The bill would create specific categories of agricultural workers, and establish minimum wages for each group based on the skills required, and provides other worker protections. And, the “blue cards” would be extended to workers spouses and children to help immigrant labor families stay together.
While historic, the proposal is just the next step in what will likely be a long political battle to achieve immigration reform.
March 22, 2013 == Members of the nation’s largest dairy cooperative, Dairy Farmers of America, gathered in Kansas City this week for their 15th annual meeting. DairyBusiness Update’s Dave Natzke was there, and joined us on Friday’s Dairyline to discuss the meeting that dealt with some of DFA’s past, and how it plans to write some new history:
“This week’s DFA annual meeting, attended by 1,500 members and guests, was both a celebration of productivity, sprinkled with some “mea culpa” for some past activities.

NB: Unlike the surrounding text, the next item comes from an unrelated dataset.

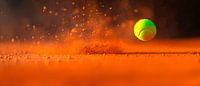 Tennisbal stuitert over de gravelbaan van Poster Art Shop thumbnail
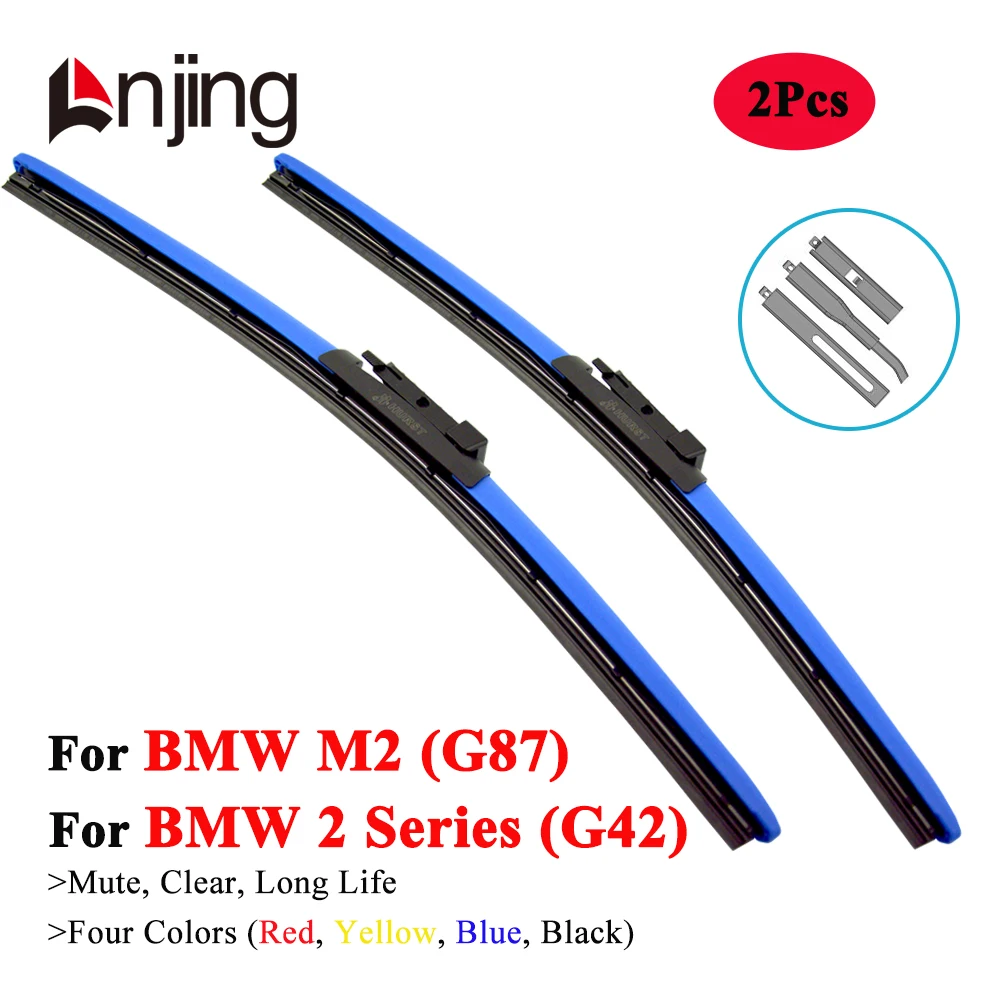 LNJING Colorful Wiper Blades For BMW 2 Series G42 M2 G87 220d 200i m240i Coupe 2021 2022 2023 2024 Car Exterior Luxury Accessory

Last year was a strong financial year for the co-op, with record earnings and cash flow, built on net sales of more than $12 billion. The co-op marketed about 61 billion lbs. of member and non-member milk, about 30% of the U.S. total. The average milk price paid by the co-op was $18.49 per hundredweight, down about $2 from 2011’s record high.
Offsetting the positive side of the financial ledger was a $216 million charge related to lawsuits involving the co-op, most related to activities nearly a decade old. As we’ve covered in the past, earlier this year DFA settled a lawsuit in a class-action lawsuit in the southeastern U.S., for $159 million. And, this week, DFA was expected to settle a lawsuit regarding Chicago Mercantile Exchange cheese trading practices in 2004, for $46 million.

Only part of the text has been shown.